## REQUIREMENT
Each line below must be set down exactly; omit any image you find.

## STORED DATA

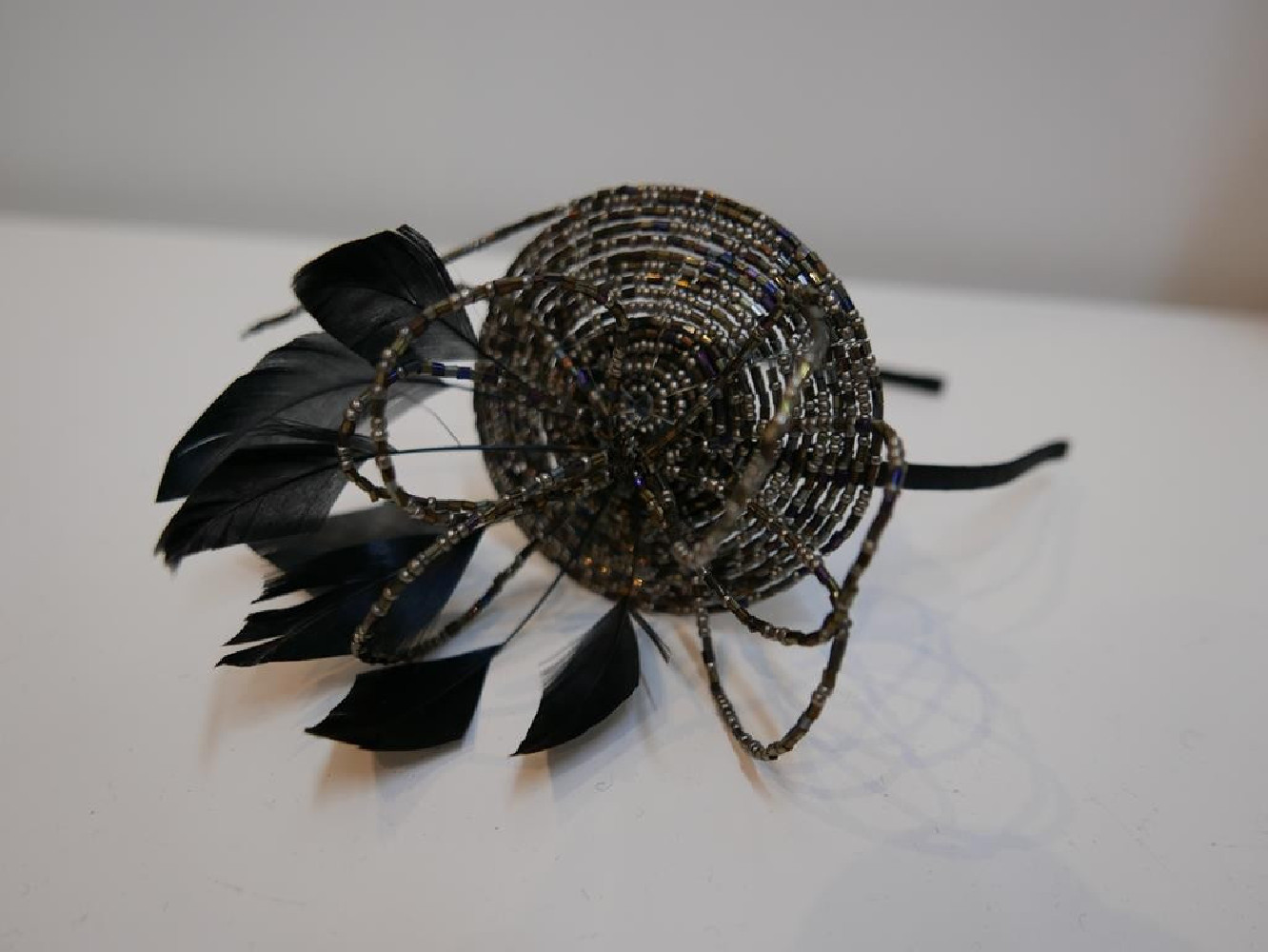 Blask opalizująca benzynka fascynator ze szkła z piórami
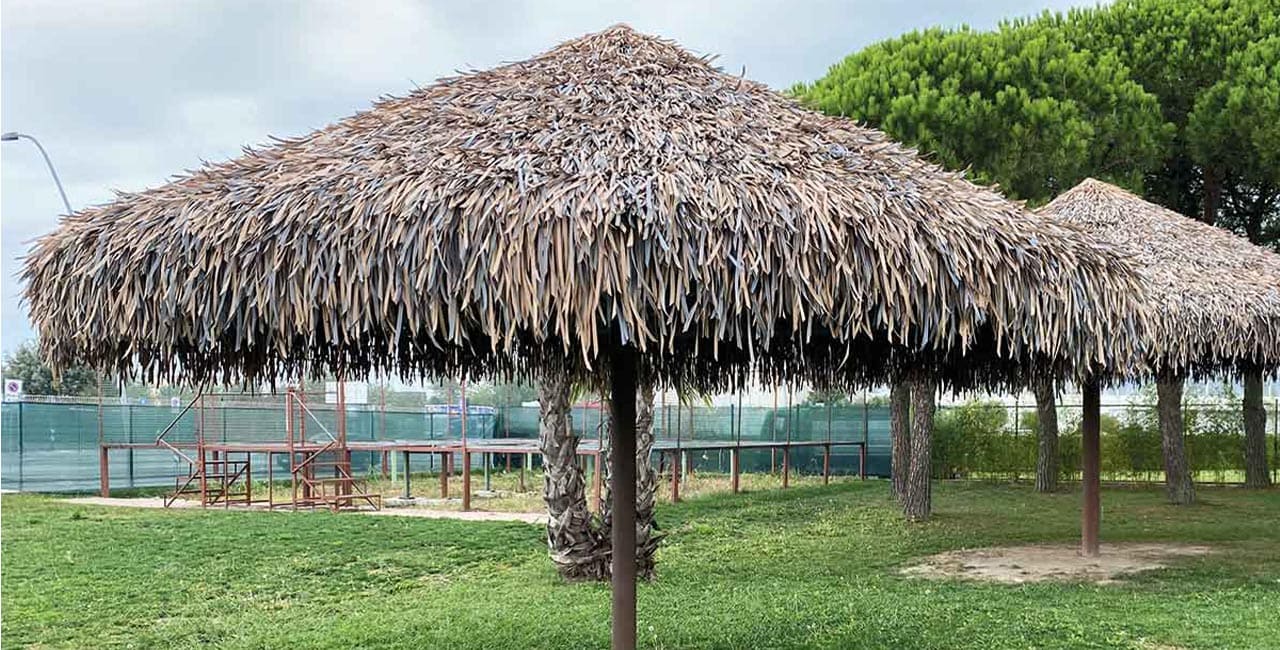 Shade made of synthetic palm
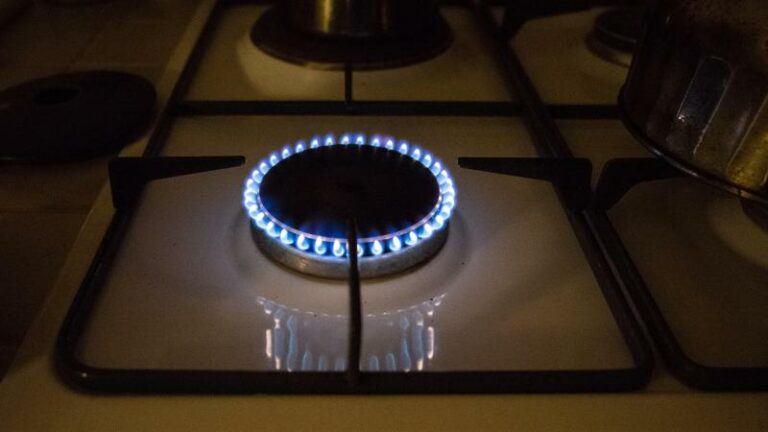 Duur gas doet Belgen bijna een derde minder verbruiken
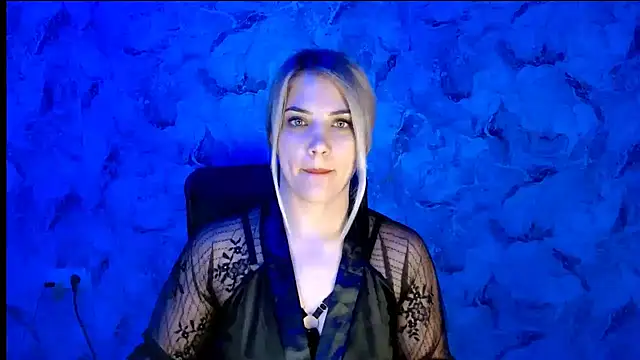 Snapshot of nika_gold1 chatting on 10-31-25, 03:57 nika gold1 online show from 10-31-25, 03:57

## ANSWER TO THIS PROBLEM
 Blask opalizująca benzynka fascynator ze szkła z piórami
 Shade made of synthetic palm
 Duur gas doet Belgen bijna een derde minder verbruiken
 Snapshot of nika_gold1 chatting on 10-31-25, 03:57 nika gold1 online show from 10-31-25, 03:57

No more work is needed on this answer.